Judgment of Death Act 1823
- Parliament of the United Kingdom
- Long title: An Act for enabling Courts to abstain from pronouncing Sentence of Death in certain Capital Felonies.
- Citation: 4 Geo. 4 c. 48
- Territorial extent: England and Wales; Ireland;

Dates
- Royal assent: 4 July 1823
- Commencement: 4 July 1823
- Repealed: England and Wales: 1 January 1971; Northern Ireland: 13 November 1980; Republic of Ireland: 16 May 1983;
- Amended by: Statute Law Revision Act 1888; Murder (Abolition of Death Penalty) Act 1965; Criminal Law Act 1967; Northern Ireland (Emergency Provisions) Act 1973;
- Repealed by: England and Wales: Courts Act 1971; Northern Ireland: Statute Law Revision (Northern Ireland) Act 1980; Republic of Ireland: Statute Law Revision Act 1983;
- Relates to: Gaols Act 1823

Status: Repealed

Text of statute as originally enacted

= Judgment of Death Act 1823 =

Act of the Parliament of the United Kingdom

The Judgment of Death Act 1823 (4 Geo. 4 c. 48) was an act of the Parliament of the United Kingdom (although it did not apply to Scotland). Passed at a time when there were over 200 offences in English law which carried a mandatory sentence of death, it gave judges the discretion to pass a lesser sentence for the first time. It did not apply to treason or murder. The act required judges to enter a sentence of death on the court record, but then allowed them to commute the sentence to imprisonment.

== Subsequent developments ==
The whole act was repealed for England and Wales by section 56(4) the Courts Act 1971.

The whole act was repealed for the Republic of Ireland by the Statute Law Revision Act 1983.

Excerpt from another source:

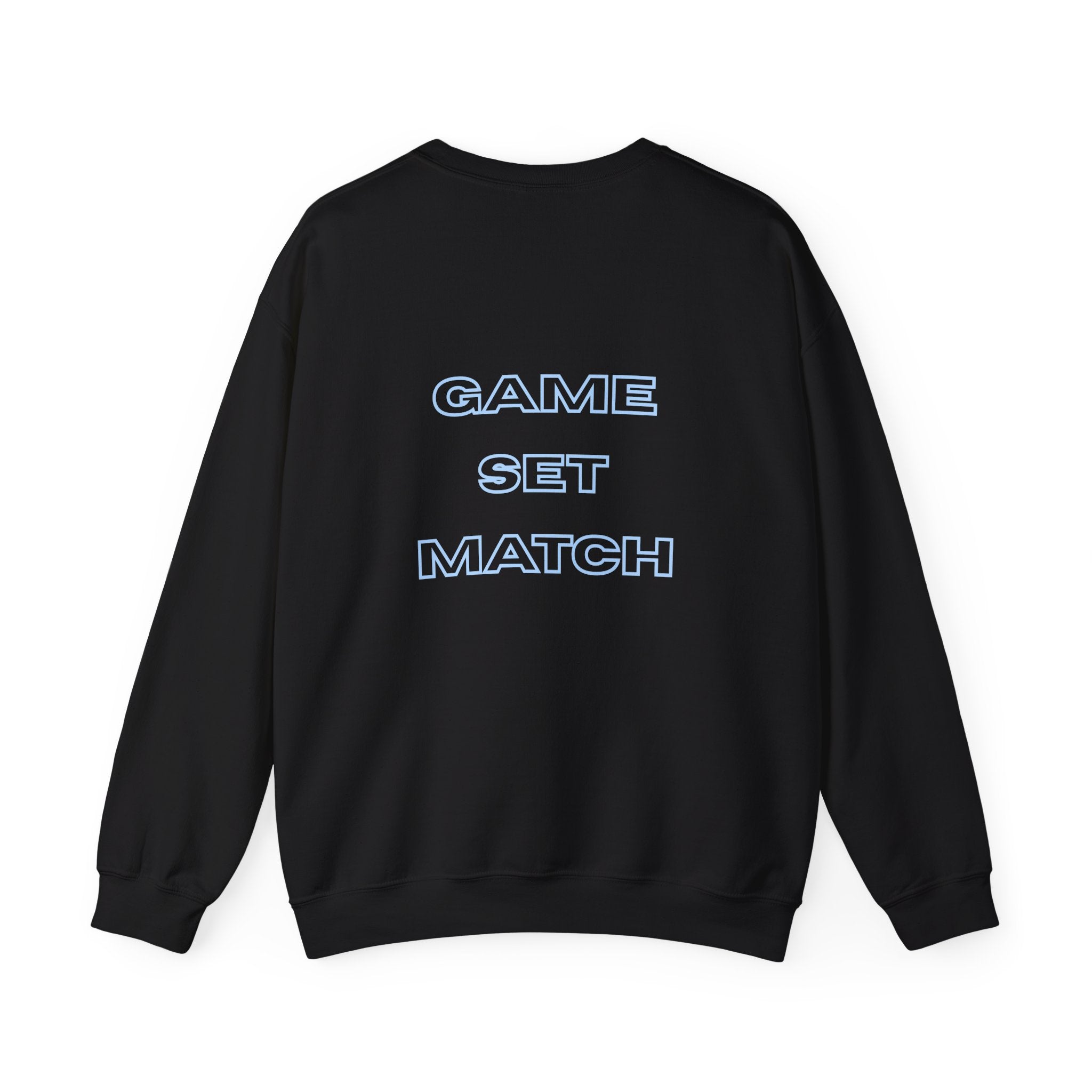 Women's Crewneck Sweatshirt — Minimal ‘Game Set Match’ Tennis Graphic (bubblegum blue)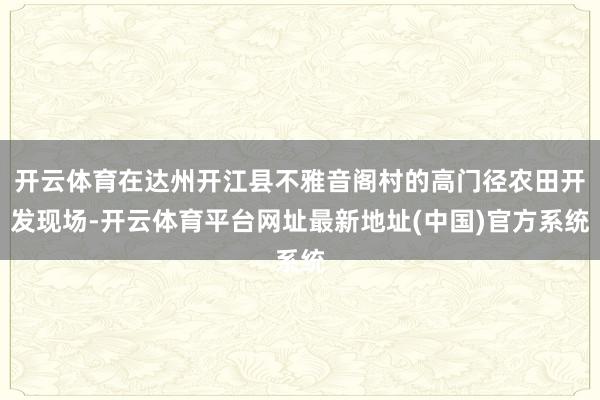 开云体育在达州开江县不雅音阁村的高门径农田开发现场-开云体育平台网址最新地址(中国)官方系统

The whole act was repealed by the Statute Law Revision (Northern Ireland) Act 1980. By that time the death penalty in the United Kingdom had essentially ended: it had been abolished for murder in Great Britain in 1965, the last death sentences issued in Northern Ireland were soon commuted to life imprisonment, and no death sentences were subsequently handed down in Great Britain for the crimes that retained it.